§ **GIVEN DATA**:
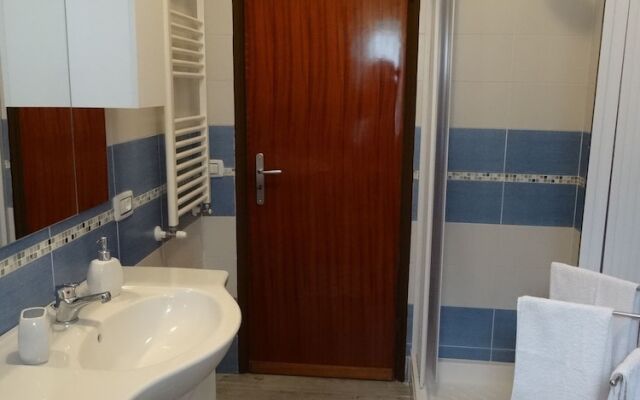 Atena Casa Vacanze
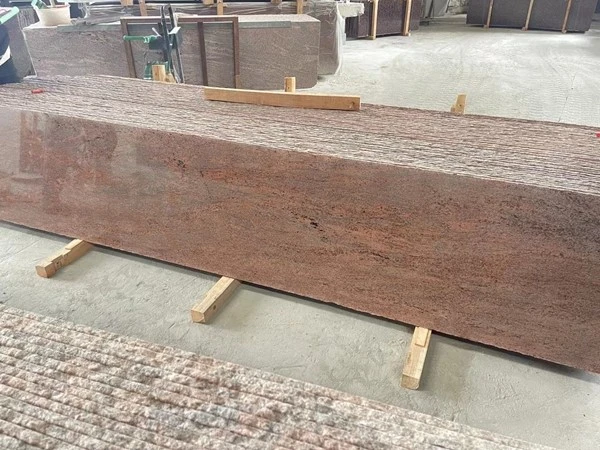 product-600-450 product-600-450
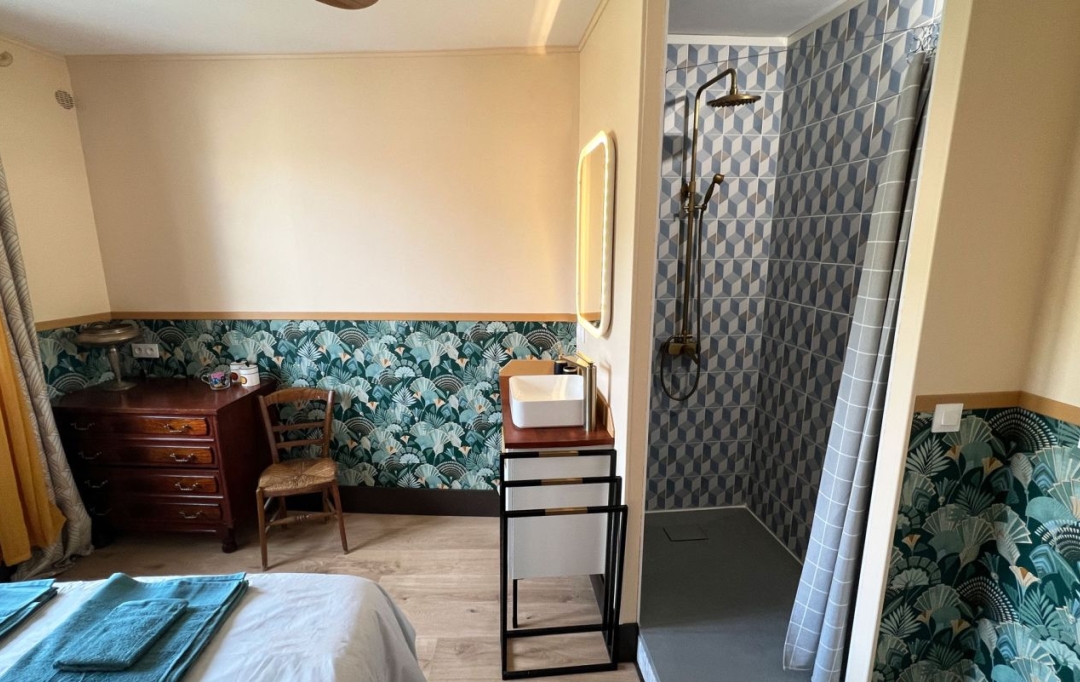 WeRenT : Maison / Villa | AVIGNON (84000) | 80 m2 | 265 000 € 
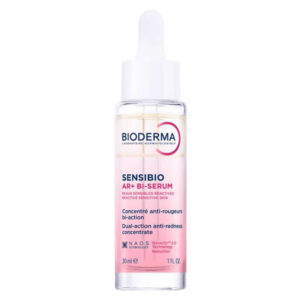 BIODERMA SENSIBIO AR+ BI serum 30ml BIO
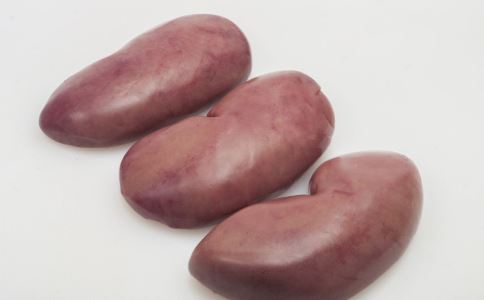 補腎吃什么好 推薦四款家常補腎食譜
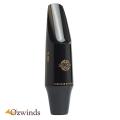 Selmer S80 Baritone Saxophone Mouthpiece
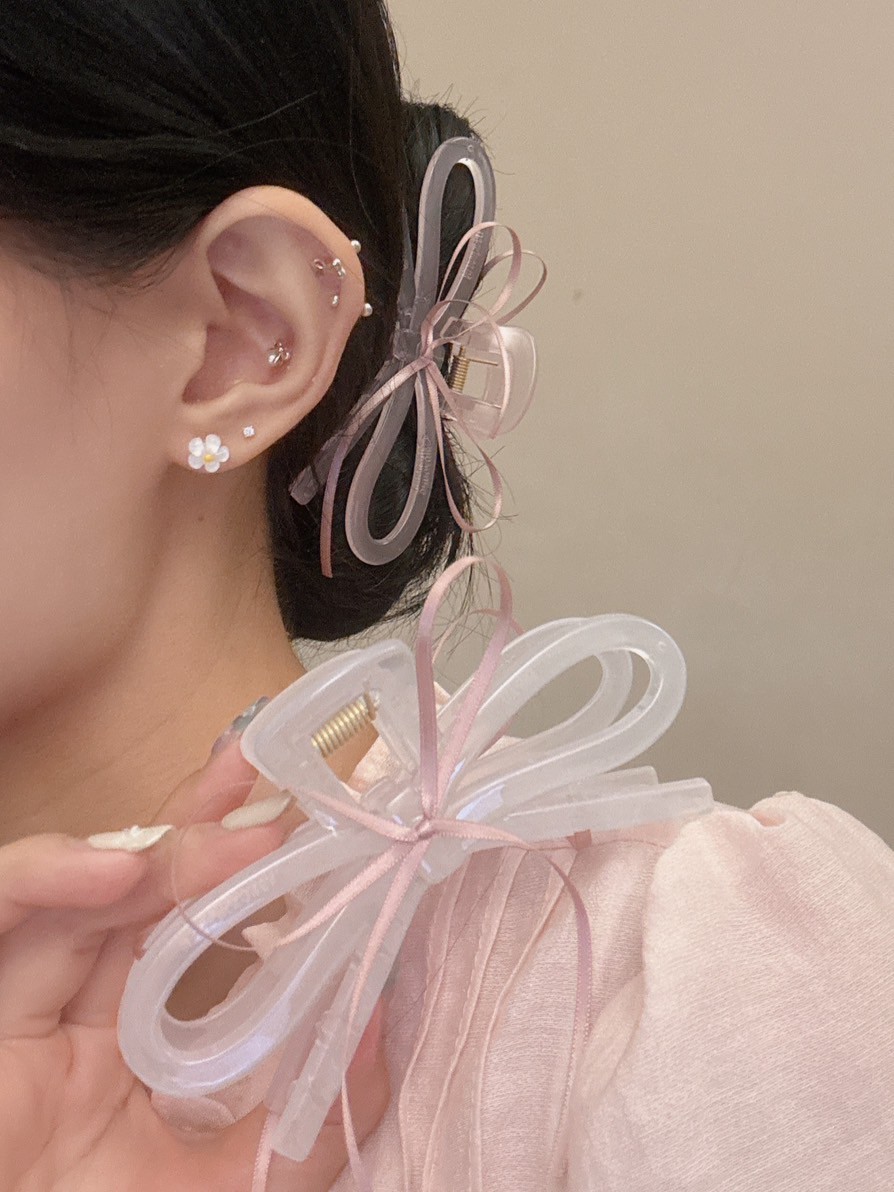 LINE_ALBUM_2025622_250622_8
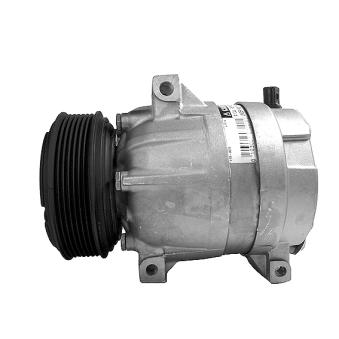 Compresseur, climatisation Airstal 10-0520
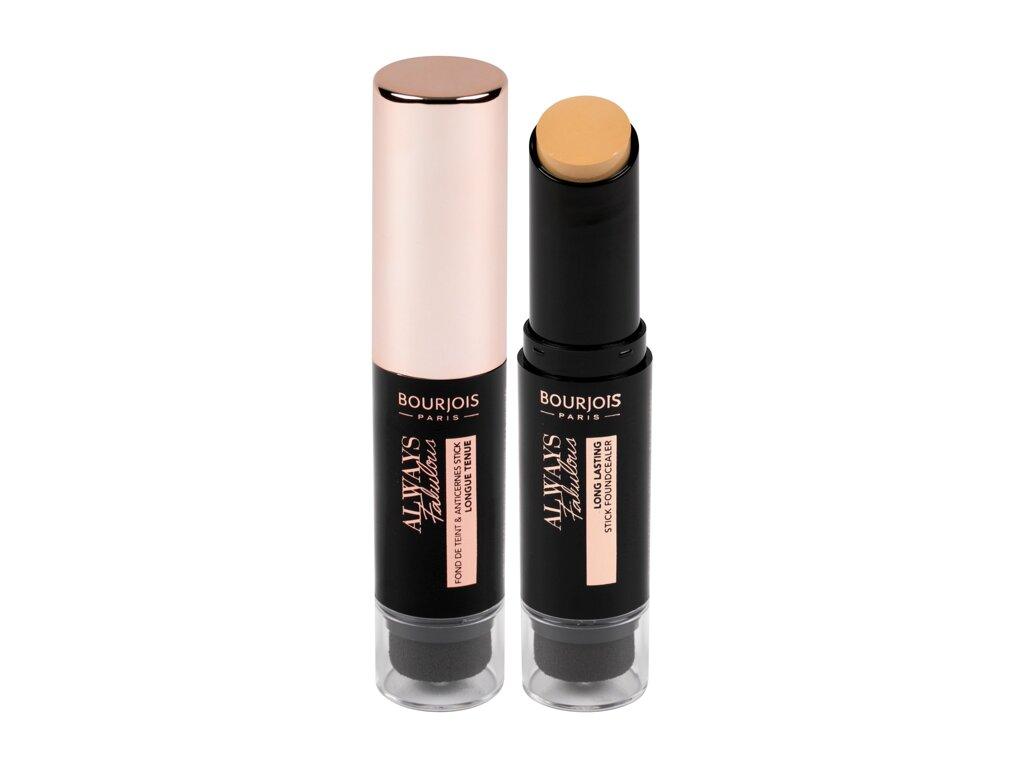 BOURJOIS Fabulous Long Lasting Stick Foundcealer #310-BEIGE - Parfumby.com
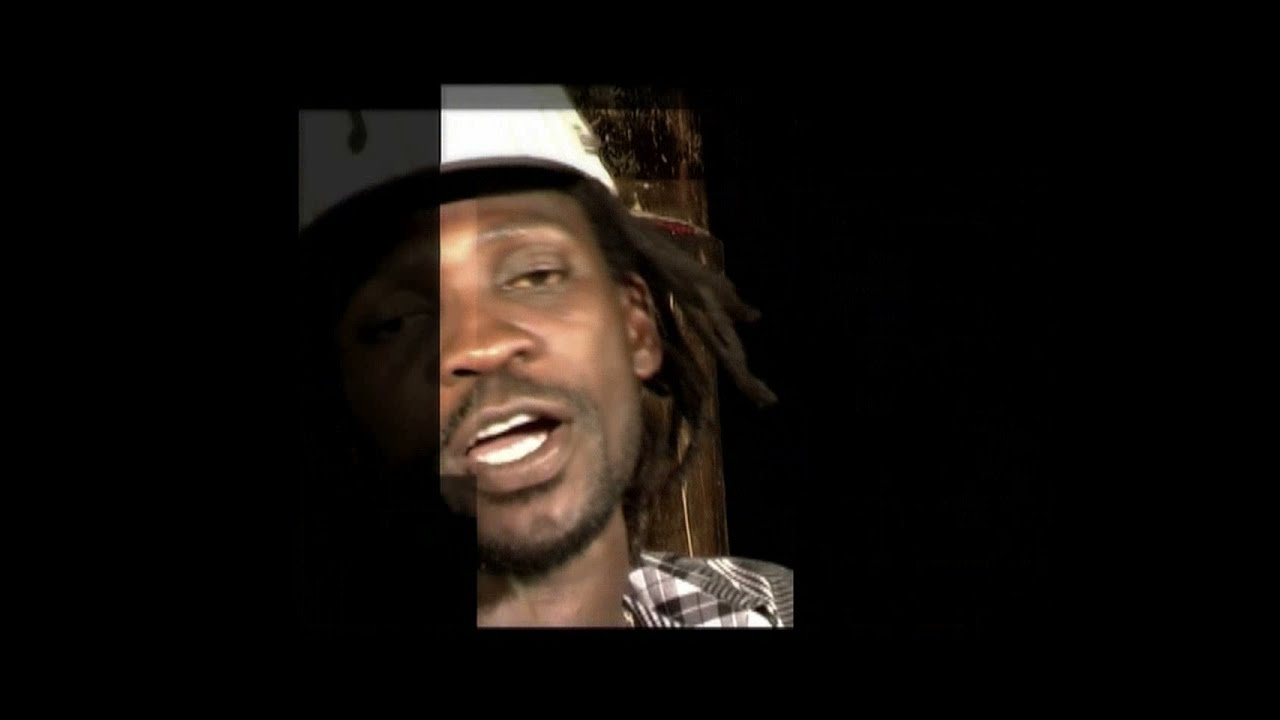 Mr Money  By Bobi Wine
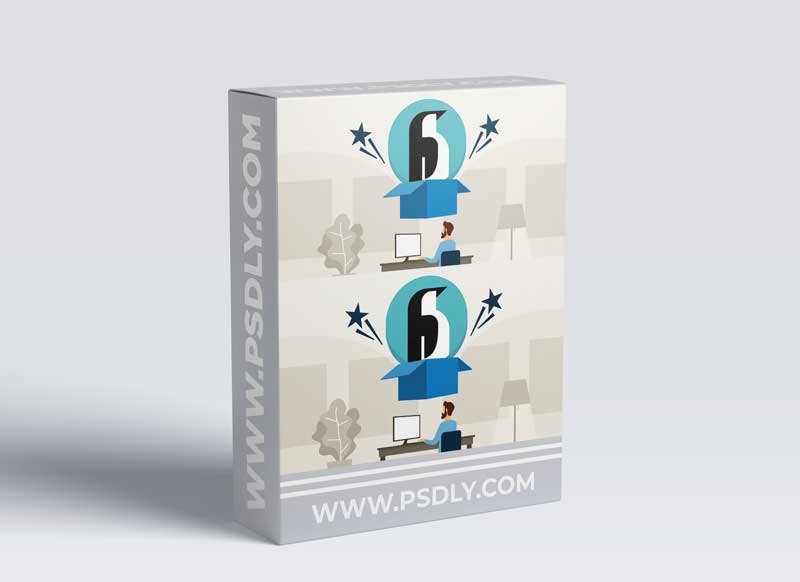 Linux: Overview and Installation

§ **WHAT YOU SHOULD DO**: Restate each entry verbatim and skip every image.

§ **EXERCISE SOLUTION**:
 Atena Casa Vacanze
 product-600-450 product-600-450
 WeRenT : Maison / Villa | AVIGNON (84000) | 80 m2 | 265 000 € 
 BIODERMA SENSIBIO AR+ BI serum 30ml BIO
 補腎吃什么好 推薦四款家常補腎食譜
 Selmer S80 Baritone Saxophone Mouthpiece
 LINE_ALBUM_2025622_250622_8
 Compresseur, climatisation Airstal 10-0520
 BOURJOIS Fabulous Long Lasting Stick Foundcealer #310-BEIGE - Parfumby.com
 Mr Money  By Bobi Wine
 Linux: Overview and Installation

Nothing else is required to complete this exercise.